──────── Data records ────────

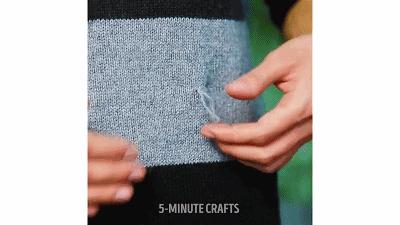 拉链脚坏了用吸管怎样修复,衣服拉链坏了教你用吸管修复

────────
──────── Data records ────────

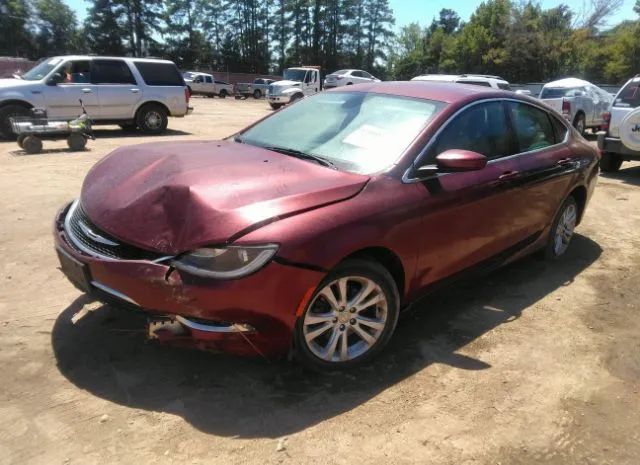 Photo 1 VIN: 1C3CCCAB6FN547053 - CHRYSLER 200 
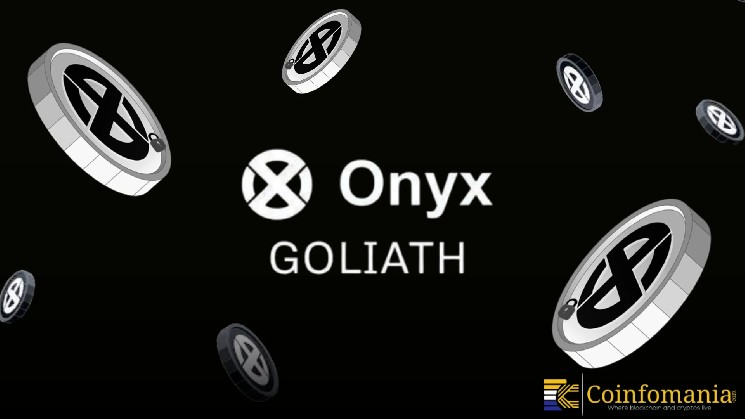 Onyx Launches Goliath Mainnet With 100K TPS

────────
──────── Data records ────────

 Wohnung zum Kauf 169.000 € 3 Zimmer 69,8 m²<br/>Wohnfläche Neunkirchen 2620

────────

Aim of the task
Copy exactly the material above from the line with "Photo 1 VIN: 1C3CCCAB6FN547053" to the line with "Onyx Launches Goliath Mainnet With 100K TPS", ends included, and nothing else. Leave out any picture.

Written answer
 Photo 1 VIN: 1C3CCCAB6FN547053 - CHRYSLER 200 
 Onyx Launches Goliath Mainnet With 100K TPS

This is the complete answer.